After the demise of the Soviet Union in 1991, it became easier for citizens in those parts of the world to communicate with those of us in the West.
My own ancestors came from that part of the world and it was at around this time my family in Canada began to learn more about our ancestry and family tree.
After World War II, many individuals were displaced as a result of the political agreements of the states involved in settling territorial issues at the time. My parents’ families were affected. They fled Ukraine for Western Europe and eventually Canada. Many records of their lives in Ukraine were lost. For nearly half a century after the descent of the Iron Curtain, communications and ties with out remaining families in Ukraine were greatly curtailed.
Today, we know more about our ancestry, thanks to communications we’ve had with family members in today’s Ukraine, and to the efforts of an aunt who was interested in our genealogy.

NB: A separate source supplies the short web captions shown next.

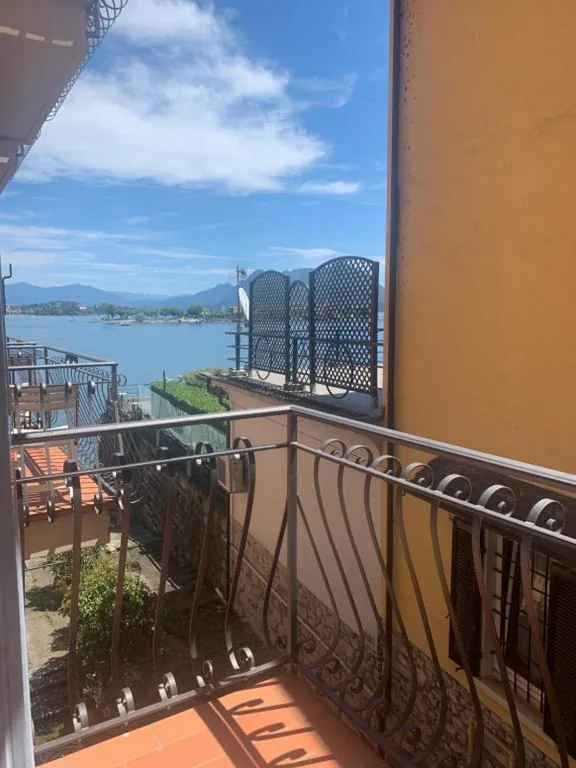 Double/Twin Room — Hotel Romagna
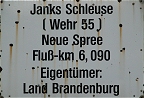 055 - Janks-Schleuse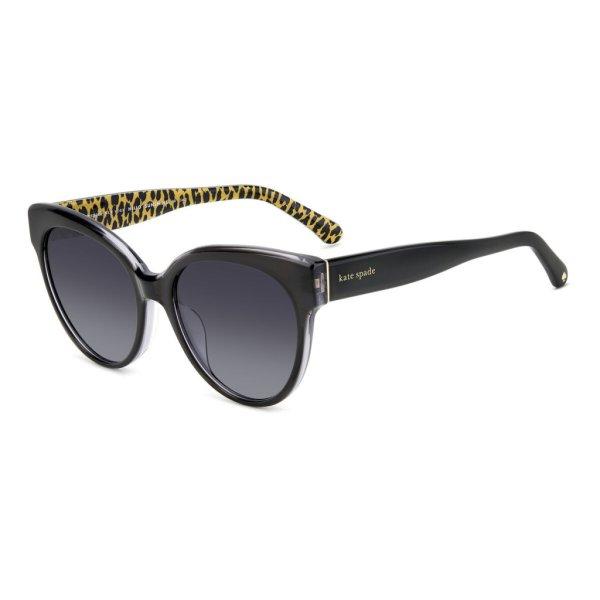 Női napszemüveg Kate Spade AUBRIELLA-G-S-HWJF59O Ø 55 mm MOST 131483 HELYETT
31756 Ft-ért!
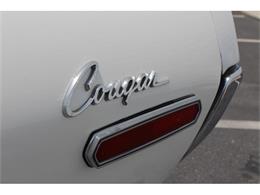 1968 Mercury Cougar XR7 (CC-885329) for sale in Carson, California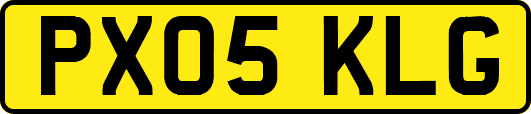 PX05KLG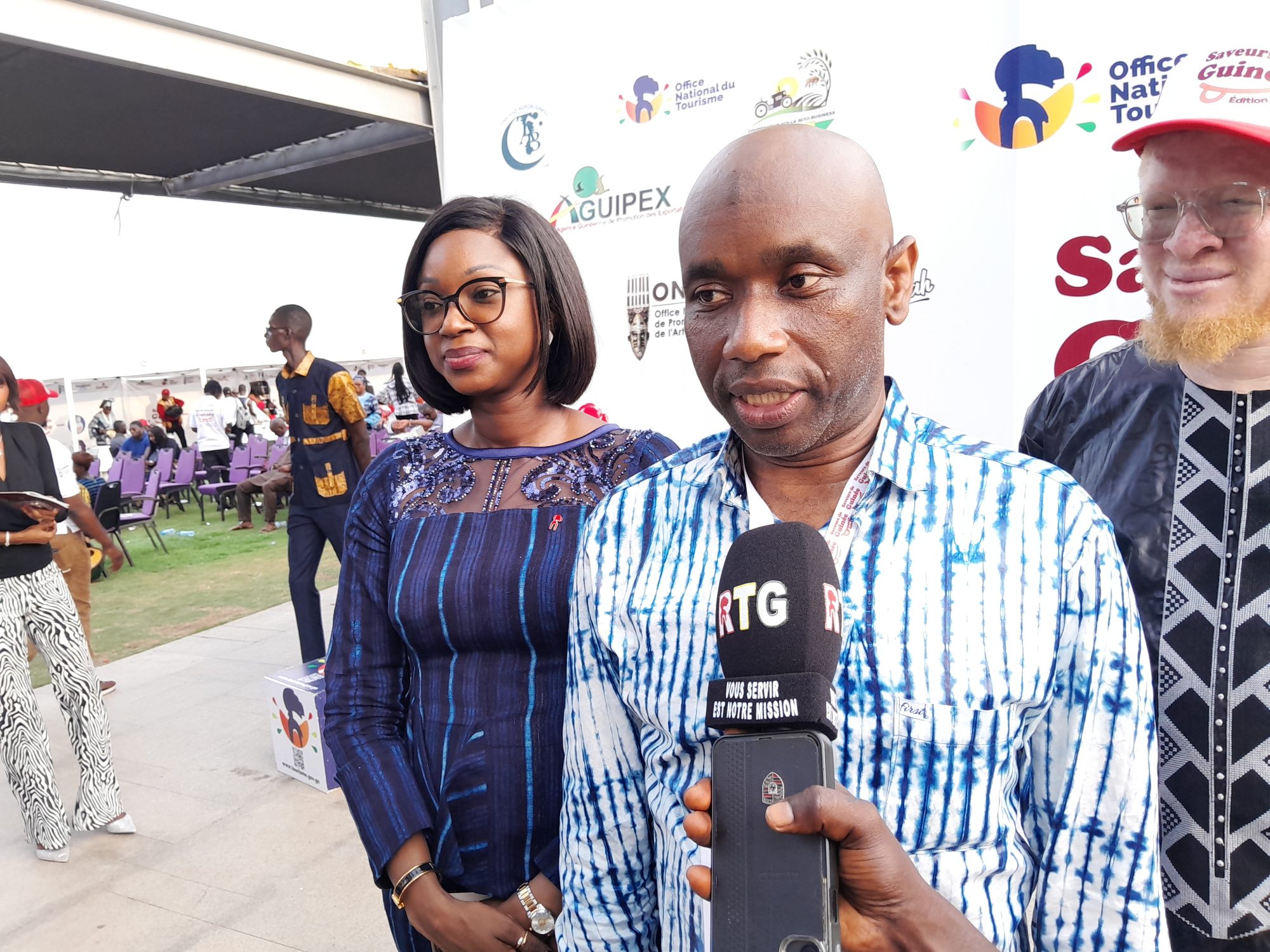 “Les Saveurs de Guinée” : Une célébration du Made in Guinée, entre fierté nationale et vision d’avenir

Among the interesting connections in our ancestry are our ties to Petro Konashevych (Петро (Кононович) Конашевич-Сагайдачний), a significant political, civic and military leader and diplomat in 16th and 17th century Ukraine. From 1614 until 1622 he held the rank of Hetman with the Ukrainian Cossacks. Sahaidachny was a nickname he earned at the Zaporozhian Sich, a Cossack republic. The nickname refers to an archer’s quiver and denoted his high military rank.
He was born ca 1570 to an aristocratic family. He received a privileged education in the best universities of the time. The Konashevych family had been accepted into Polish nobility in the 16th century and was granted a coat of arms with a history dating back to the 12th century.
He participated in early 17th century in military campaigns against the Tatars and Turks and led the Cossacks in capturing cities from the Turks and freeing slaves. He also led a Cossack army in a campaign by Poland against Muscovy. His military success attracted the attention of European rulers and his victories strengthened the Cossack union and influence in the region. Sahaidachny placed his significant energy towards the religious and cultural rights of the Ukrainian people and sought to unite Cossack military prowess with the Ukrainian clergy and nobility.
He died from wounds sustained in his final military campaign in 1622. His ultimate popularity made him the subject of several Ukrainian folk songs.